Majority-led sale mechanisms and minority protection on a sale to a third party.

Shotgun and Buy-Sell Clauses

Exit mechanisms allowing one shareholder to force a buyout of another.

Dividends and Distributions

Policies on retention versus distribution of profits, subject to solvency tests under corporate law.

Dispute Resolution

Escalation, mediation, and arbitration procedures for shareholder disputes.

Governing Law and Jurisdiction

Selection of the province or federal jurisdiction governing the corporation and the agreement.

How to Create a Shareholder Agreement

Follow these steps to produce a shareholder agreement that reflects the ownership structure.

  1. 1

    Confirm the Corporate Structure

    Identify whether the corporation is incorporated federally under the CBCA or provincially (e.g., OBCA) and list each shareholder and their class of shares.

  2. 2

    Design Share Rights and Board Control

    Decide voting rights, board composition, and which decisions require supermajority or unanimous approval.

  3. 3

    Set Transfer Rules and Exit Mechanics

    Add rights of first refusal, drag-along, tag-along, and shotgun provisions calibrated to the ownership balance.

  4. 4

    Address Dividends and Disputes

    Agree on dividend policy and a dispute-resolution ladder ending in arbitration or court, as preferred.

  5. 5

    Review and Sign

    Preview the agreement, ensure consistency with the articles and by-laws, and sign — consider designating it a unanimous shareholder agreement where all shareholders are signing.

Legal Considerations

Several Canadian corporate statutes and doctrines shape how shareholder agreements operate.

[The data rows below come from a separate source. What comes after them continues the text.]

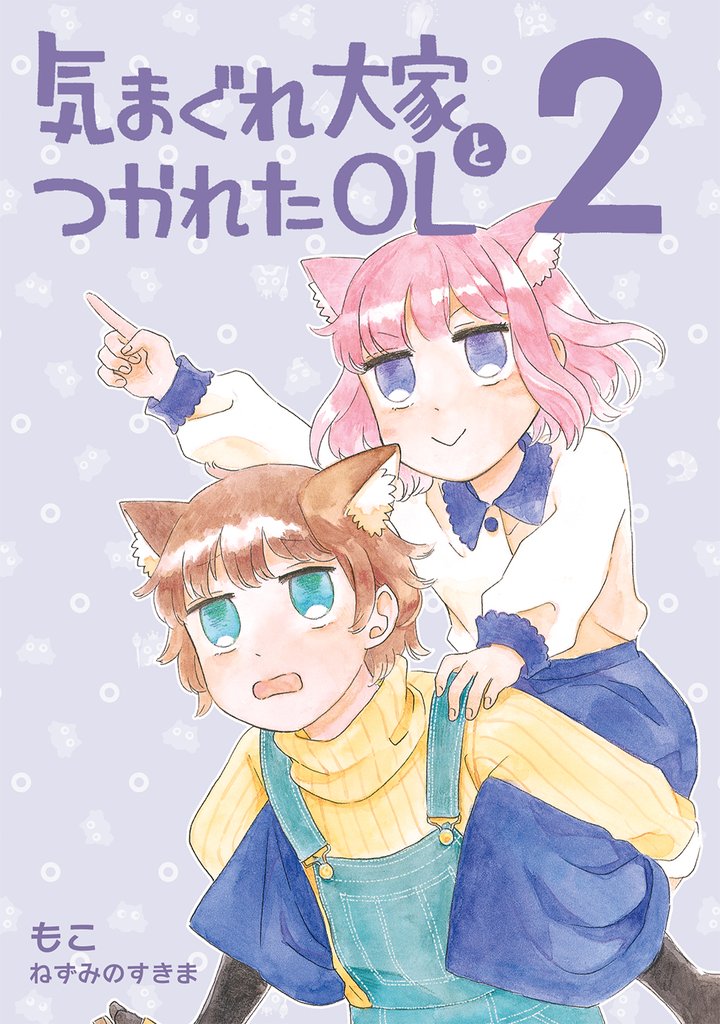気まぐれ大家とつかれたOL(2)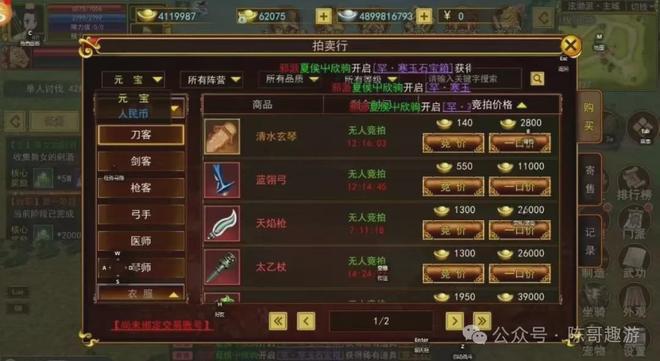 2024年最靠谱的搬砖游戏！搬砖党必看攻略！(图6)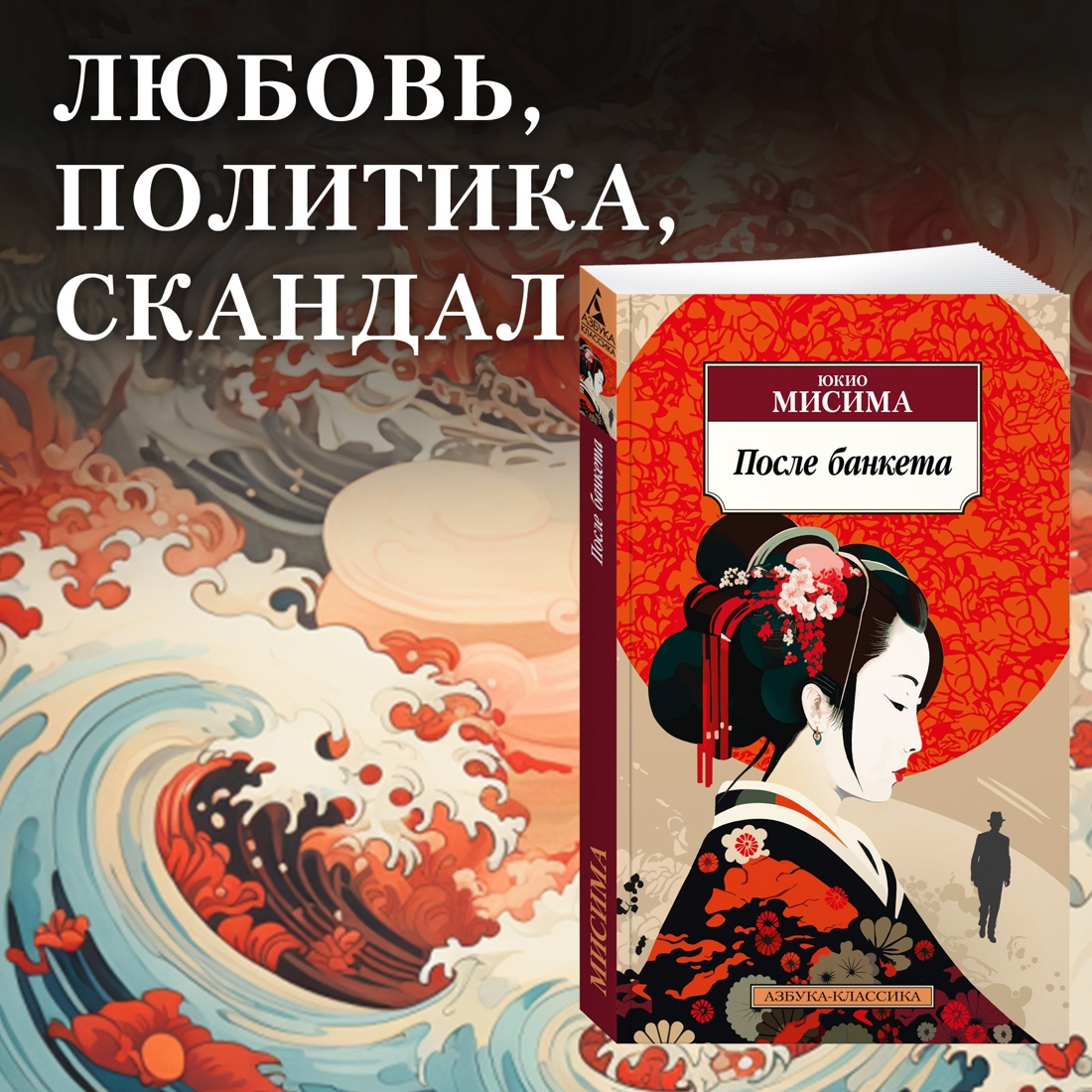 Промо материал к книге "После банкета" №0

This template is for informational purposes only and does not constitute legal advice. Consult a qualified lawyer in your province for advice specific to your situation.

Reviewed for Canadian law

Unanimous Shareholder Agreements (USAs)

Both section 108 of the Business Corporations Act, R.S.O. 1990, c. B.16 (OBCA), and section 146 of the Canada Business Corporations Act, R.S.C. 1985, c. C-44 (CBCA), authorize a unanimous shareholder agreement signed by all shareholders. A USA can restrict, in whole or in part, the powers of the directors to manage the business and affairs of the corporation, shifting those powers to shareholders who then assume the corresponding duties and liabilities.

Oppression Remedy

Section 248 of the OBCA and section 241 of the CBCA provide an oppression remedy to shareholders whose reasonable expectations have been unfairly disregarded or prejudiced. Courts have broad discretion to order remedies, including buyouts, share issuances, and winding up. A clear shareholder agreement helps define those reasonable expectations and can reduce the scope for oppression claims.

Directors’ Fiduciary Duties

Section 134 of the OBCA and section 122 of the CBCA require directors to act honestly and in good faith with a view to the best interests of the corporation, and to exercise the care, diligence, and skill of a reasonably prudent person. In Peoples Department Stores Inc. (Trustee of) v. Wise, 2004 SCC 68, and BCE Inc. v. 1976 Debentureholders, 2008 SCC 69, the Supreme Court of Canada confirmed that the duty is owed to the corporation itself, not directly to shareholders or creditors.

Share Transfer Restrictions and Securities Laws

Private Canadian corporations typically restrict share transfers in their articles and shareholder agreement. Any issuance or transfer of shares must also comply with applicable securities laws, including the private issuer exemption under National Instrument 45-106. The shareholder agreement should be consistent with the articles, by-laws, and applicable securities prospectus exemptions.